— Task objective —
Word for word, write out all the entries below, omitting every picture.

— Information provided —
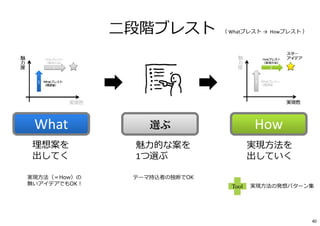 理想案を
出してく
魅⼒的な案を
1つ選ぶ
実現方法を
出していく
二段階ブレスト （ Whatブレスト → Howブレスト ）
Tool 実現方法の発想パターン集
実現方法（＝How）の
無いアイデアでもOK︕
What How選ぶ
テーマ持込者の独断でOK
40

— Answer to this task —
 理想案を
出してく
魅⼒的な案を
1つ選ぶ
実現方法を
出していく
二段階ブレスト （ Whatブレスト → Howブレスト ）
Tool 実現方法の発想パターン集
実現方法（＝How）の
無いアイデアでもOK︕
What How選ぶ
テーマ持込者の独断でOK
40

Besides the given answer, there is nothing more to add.